Question

A train approaching a hill at a speed of 40 km/hr sounds a whistle of frequency 600 Hz when it is at a distance of 1 km from a hill. A wind with a speed of 40 km/hr is blowing in the direction of motion of the train. The distance from the hill at which the echo from the hill is heard by the driver and its frequency (Velocity of sound in air = 1200 km/hr.)

Answer 1

speed of sound in air is c and as the air is also moving the velocity of sound is $c+v_a$ where $v_a$ is the speed of air

The train sounds the whistle when it is at distance x from the hill. Sound moving with velocity v with respect to ground, takes time t to reach the hill

$t=\frac{x}{v}=\frac{x}{c+v_a}$

after the reflection from the sound waves travels towards the train hence now the velocity of sound is $c-v_a$

let the distance travel by reflected wave be $x^{{}^{\prime }}$ therefore time taken by it $t^{{}^{\prime }}=\frac{x^{{}^{\prime }}}{c-v_a}$

the total time between echoing the whistle and its reflection $t+t^{{}^{\prime }}$ meanwhile the train travels the distance $x-x^{{}^{\prime }}$ with constant speed $v_s$

$x-x^{{}^{\prime }}=(t+t^{{}^{\prime }})v_s$

$x-x^{{}^{\prime }}=\frac{v_s}{c+v_a}x+\frac{v_s}{c-v_a}{x}^{{}^{\prime }}$

$x\frac{c+v_a-v_s}{c+v_A}=x^{{}^{\prime }}\frac{c-v_a+v_s}{c-v_a}$

$x^{{}^{\prime }}=x\frac{(c-v_a)\times (c+v_a-v_s)}{(c+v_a)\times (c-v_a+v_s)}$

$x^{{}^{\prime }}=\frac{(1200-40)\times (1200+40-40)}{(1200+40)\times (1200+40-40)}=.935Km$

Thus, the. echo is heard when train is 935 m from the hill.
Now, for the observer moving along with train,echo is a sound produced by a stationary source, i.e.,the hill. Hence as observed from ground, source is stationary and observer is moving towards source with speed 40 km/hr.

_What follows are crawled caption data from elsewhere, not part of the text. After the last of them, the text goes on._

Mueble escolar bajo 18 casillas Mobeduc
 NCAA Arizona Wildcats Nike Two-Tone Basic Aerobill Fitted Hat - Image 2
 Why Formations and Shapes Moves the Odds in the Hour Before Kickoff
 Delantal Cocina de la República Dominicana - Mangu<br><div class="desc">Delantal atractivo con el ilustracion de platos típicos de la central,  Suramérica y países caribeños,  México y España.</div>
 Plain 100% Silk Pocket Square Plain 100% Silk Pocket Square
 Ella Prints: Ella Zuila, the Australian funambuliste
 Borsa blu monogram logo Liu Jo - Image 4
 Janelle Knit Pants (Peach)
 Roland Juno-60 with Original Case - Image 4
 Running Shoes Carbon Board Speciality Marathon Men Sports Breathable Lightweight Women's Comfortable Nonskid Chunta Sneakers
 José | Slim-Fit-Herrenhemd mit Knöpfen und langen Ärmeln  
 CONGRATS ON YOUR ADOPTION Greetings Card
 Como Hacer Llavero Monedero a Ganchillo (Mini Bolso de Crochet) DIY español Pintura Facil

On the other hand, reflected sound travels opposite to wind velocity. That is, velocity of echo with respect to ground is v. Further, the source (hill) emitting sound of frequency f which is the frequency observed by the hill.

Thus, frequency of echo as heard by observer on train, is given by

$f^{{}^{\prime \prime }}=f^{{}^{\prime }}\frac{v^{{}^{\prime }}+v_o}{v^{{}^{\prime }}}=\frac{1160-(-40)}{1160}\times 620=641Hz$